Pizza für Gäste der SAS und der Mahlzeit
"Speyer hat ein großes Herz"
Speyer. Steffi (Name von der Redaktion geändert) ist 2010 an Krebs erkrankt. Mit der Krankheit hat sich ihr ganzes Leben verändert. Bis dahin hatte sie einen Job, eine gemütliche Eigentumswohnung, ein Auto und genug zum Leben. Jetzt ist Steffi früh verrentet - und obwohl sie jahrzehntelang Vollzeit gearbeitet hat, reicht die Rente nicht zum Leben.
Ihre Eigentumswohnung musste sie verkaufen. Neun Jahre ist das jetzt her, aber man merkt ihr an, dass es sie heute noch schmerzt. Nebenbei geht Steffi bei einer Familie bügeln - damit sie, der eine gepflegte Erscheinung wichtig ist, sich den Friseurbesuch leisten kann. Viermal in der Woche kann sie bei der Mahlzeit für einen Euro essen. Dafür ist sie, die von nirgendwo sonst finanzielle Unterstützung erfährt, dankbar. Pizza allerdings, Pizza gibt es bei der Mahlzeit nicht. Umso mehr freut sie sich, dass sie an diesem Samstagmittag bei Papii's Pizza zu Gast sein und aus der Speisekarte auswählen darf.
"Armut kann jeden treffen." Stefan Wagner, Initiator und gute Seele der Sozialen Anlaufstelle Speyer (SAS), wird niemals müde, diesen Satz zu wiederholen. "Wenn das Leben mit einem Achterbahn fährt, dann verliert man leicht die Struktur." Diese Erfahrung hat Wagner am eigenen Leib gemacht. Mit der SAS will er Menschen in dieser Lebenssituation Hilfestellung anbieten. Nicht mehr, aber eben auch nicht weniger.
In Speyer rennt er mit seinem Anliegen inzwischen offene Türen ein. "Speyer hat ein großes Herz", sagt Stefan Wagner. Obwohl die SAS im ehemaligen Kiosk am Festplatz erst im Herbst gestartet ist, ist er bereits völlig überwältigt von der Unterstützung und Hilfsbereitschaft der Speyerer. "Es gibt in Speyer viele gute Leute", sagt er.
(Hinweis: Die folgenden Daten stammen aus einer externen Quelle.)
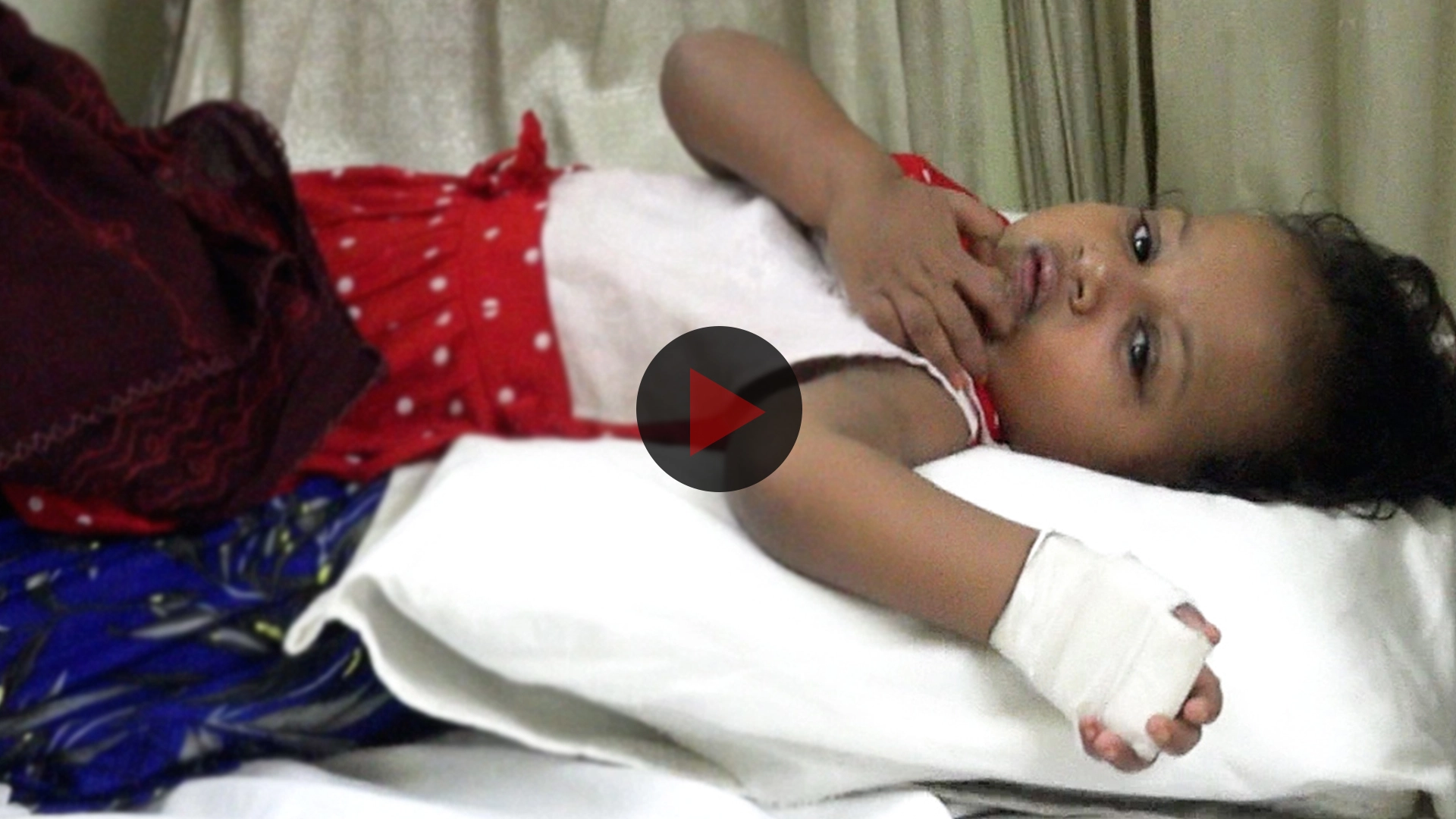 মেগা প্রকল্প মশার প্রজননক্ষেত্র : সারা বছরের রোগে পরিণত হলো ডেঙ্গু
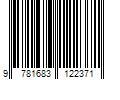 Barcode Image for UPC code 9781683122371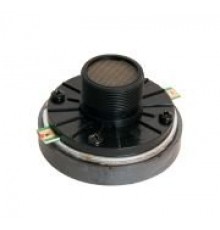 Leem Driver-SPA12 Драйвер ВЧ компрессионный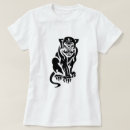 Pesquisar por estilo tatuagem camisetas Animais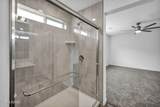 8480 Endor Drive - Photo 36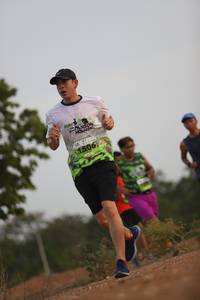 BIB: 1506
                            <button type="button" onclick="openModal(3601656)" class="btn btn-primary btn-sm float-right btn-popup" data-toggle="modal" data-target=".modal-high-quality">
                        <i class="fas fa-shopping-cart"></i> Add to Cart
                    </button>
                                            <button type="button" onclick="isThisMe(3601656, true)" class="btn btn-success btn-sm float-right btn-popup btn-isme hidden" data-toggle="tooltip" data-placement="bottom" title="นี่คือรูปของคุณใช่ไหม คลิกที่นี่เพื่อเอาเข้าอัลบั้ม">
                        <i class="fas fa-plus"></i> Add to album
                    </button>
                    <button type="button" onclick="isThisMe(3601656, false)" class="btn btn-warning btn-sm float-right btn-popup btn-isnotme hidden">
                        <i class="fas fa-ban"></i> Remove from album
                    </button>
Einer von ihnen ist Viktor Strauss.
Der Inhaber von "Papii's Pizza" in der Wormser Landstraße lädt an diesem Samstagmittag Gäste der SAS und der Mahlzeit dazu ein, nach Herzenslust aus Pizza, Pasta und Salaten von der Karte auszuwählen. Die Menschen, die sich in ihrem Alltag keinen Besuch in einem Restaurant leisten können, sie sind ihm herzlich Willkommen. Und zwar jederzeit.
"Ich möchte etwas zurückgeben an die Stadt, an die Gemeinschaft", sagt er. Schon in seiner vorhergehenden Tätigkeit hat der Gastronom gemeinsam mit Stefan Wagner Sandwiches im Adenauerpark verteilt. Ebenso selbstverständlich beteiligt er sich an der neuen SAS-Cup, einer diskreten Thermotasse, die sich die Gäste der SAS bald im kompletten Stadtgebiet von "Wirten mit gutem Herz" füllen lassen können.
Mit Steffi lassen sich heute noch 33 weitere Gäste von Viktor Strauss und seinem Team kulinarisch verwöhnen. Stefan Wagner wünscht sich, dass seine Gäste nicht länger glauben, sich für ihre Armut schämen zu müssen. Dafür sei es aber wichtig, dass die Gesellschaft würdevoll mit ihnen umgeht. Vor allem der Friseurservice, den die SAS ihren Gästen anbietet, belege das eindrücklich.
Mit der neuen Frisur ändere sich die Körpersprache. "Wenn die Menschen mit einem anderen Gefühl rausgehen, sich nicht länger schämen, dann sind sie offener, auch einmal andere Wege zu gehen und Hilfe anzunehmen", so Wagners Erfahrung. Steffi zum Beispiel hat so gerade ein Paar dringend benötigter Winterschuhe erhalten. Eine kleine Erleichterung bei der täglichen Herausforderung, mit viel zu wenig Geld den Alltag im reichen Deutschland zu bestreiten.